中川金治翁を偲ぶ会
2004 中川金治翁を偲ぶ会に参加して
昨年11月23日夕刻、私たちは奥多摩のもっと奥にある丹波山村という静かな村に着きました。碧い水をたたえた奥多摩湖は名残の紅葉を映して夕陽に輝いています。ここは東京の水源の村、中川金治さんは、明治から昭和の初めにかけて村人とともに水源林を守り『山の御爺』と呼ばれた人で、後に中川さんを慕う人々によって富士山をのぞむサオラ峠に中川神社が建てられました。
2003年、古くなった木造の中川神社の祠が建て替えられることになり、以前からのよきご縁によって当研究会も協力させていただき、石造りの立派な祠が完成しました。
2004年の『中川金治翁を偲ぶ会』は、会長の伊藤巌さん経営の民宿『たちばな』において、中川さんの親戚の方、村長さん、中川さんを知る長老の方、村会議員、登山家あこがれの宿『三条の湯』のご主人など多彩な方々の参加を得て開かれました。当研究会からは、偲ぶ会副会長の藤森正法さんとその魅力あふれる山のお仲間や友人、学生時代からの登山の達人谷口さん、京都から稲場夫妻が参加しました。

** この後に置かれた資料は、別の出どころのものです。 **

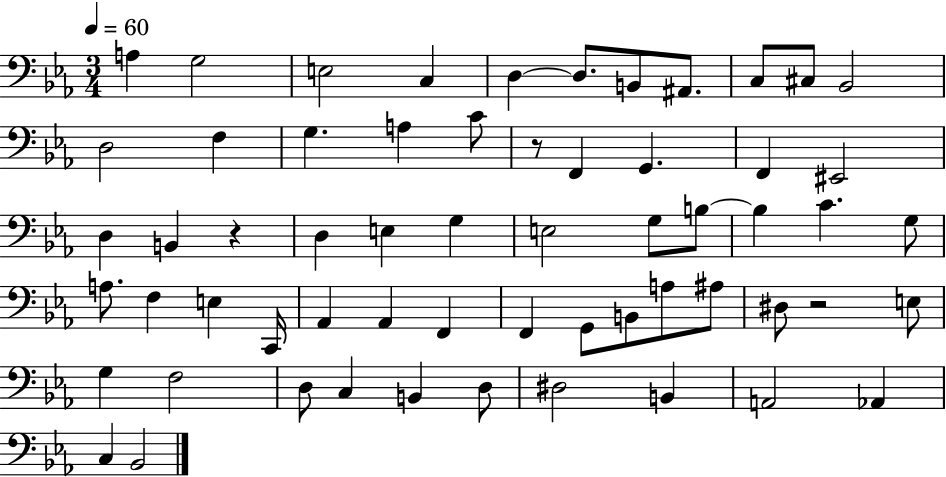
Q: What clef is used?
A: bass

あたたかなまなざしの中川さんの大きな写真が中央に掲げられ、目の前のお膳には村の方の心尽くしの手作りのご馳走が並び、来賓のご挨拶と献杯で会が始まりました。奥さんたち手作りのコンニャク、手打ち蕎麦、煮物、酢の物、焼き物、この日のために猟師さんが狩をして下さったというシカ肉、新鮮な馬肉などおいしそうなものばかり。「馬と鹿だ!」「気にしない、気にしない。」などとおいしく楽しくいただきました。
民話の紙芝居
地形的に都会から遠く、厳しくも美しい自然にめぐまれた丹波山村は、伝説や民話の宝庫でもあります。伊藤巌さんや木下勲さんが問わず語りに話して下さったお話をもとにした創作紙芝居、丹波山村シリーズ第二作目は『龍魂淵の伝説』という、龍魂淵に棲む凛々しい龍の若者と可憐な村娘の純愛を中心に、竜巻、大雨などの自然現象や、丹波デンデーロなど村の地名を織り込んだ雄大な物語で、感動的な展開に拍手が起こりました。このシリーズが村の民話研究家の方々とともにずっと続いていきますように。
祠のあるサオラ峠へ
翌朝はすぼらしいお天気!いよいよ祠のあるサオラ峠に登ります。脚に覚えのある方は徒歩で急峻な山道を登り、その他の人は東京都水源林事務所新設のモノレールに伊藤さんのご尽力で特別に乗せていただけることになりました。山の専門家用のモノレールは、ヒエーッな状態で止まったりして大迫力ですが、徒歩よりはずっとずっと楽です。落葉松や三つ又の木、無数の滝、シカに樹皮を食べられツルツルになった木の幹などに心惹かれながらサオラ峠に着くと、中川神社の石の祠が私たちを迎えてくれました。そして、山々の向こうに雪を頂いた富士山の姿が見えると思わず大きな喚声と拍手が!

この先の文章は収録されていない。